The areas of Ramsey theory and random graphs have been closely linked ever since Erdős’ famous proof in 1947 that the ‘diagonal’ Ramsey numbers $R(k)$ grow exponentially in $k$. In the early 1990s, the triangle-free process was introduced as a model which might potentially provide good lower bounds for the ‘off-diagonal’ Ramsey numbers $R(3,k)$. In this model, edges of $K_n$ are introduced one-by-one at random and added to the graph if they do not create a triangle; the resulting final (random) graph is denoted $G_{n,\triangle }$. In 2009, Bohman succeeded in following this process for a positive fraction of its duration, and thus obtained a second proof of Kim’s celebrated result that $R(3,k) = \Theta \big ( k^2 / \log k \big )$.

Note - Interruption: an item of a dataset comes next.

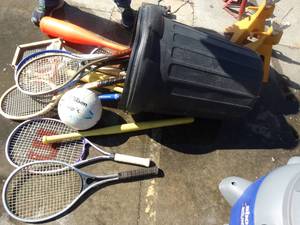 lot 1709 image: Trash can w sporting goods- Tennis rackets & misc.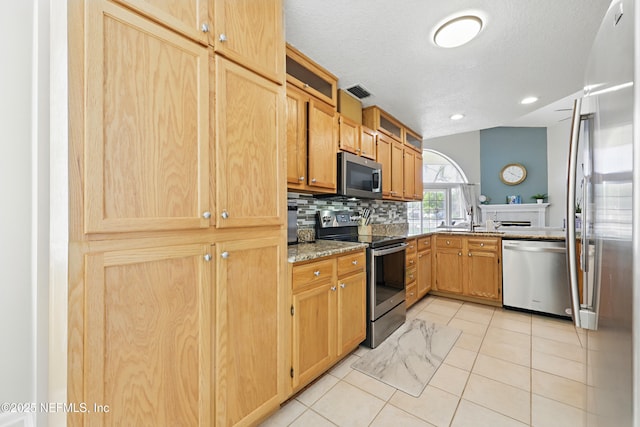 kitchen featuring visible vents, light stone counters, appliances with stainless steel finishes, light tile patterned flooring, and decorative backsplash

In this paper we improve the results of both Bohman and Kim, and follow the triangle-free process all the way to its asymptotic end. In particular, we shall prove that \begin{equation*} e\big ( G_{n,\triangle } \big ) \,=\, \left ( \frac {1}{2\sqrt {2}} + o(1) \right ) n^{3/2} \sqrt {\log n }, \end{equation*} with high probability as $n \to \infty$. We also obtain several pseudorandom properties of $G_{n,\triangle }$, and use them to bound its independence number, which gives as an immediate corollary \begin{equation*} R(3,k) \, \geqslant \, \left ( \frac {1}{4} - o(1) \right ) \frac {k^2}{\log k}. \end{equation*} This significantly improves Kim’s lower bound, and is within a factor of $4 + o(1)$ of the best known upper bound, proved by Shearer over 25 years ago.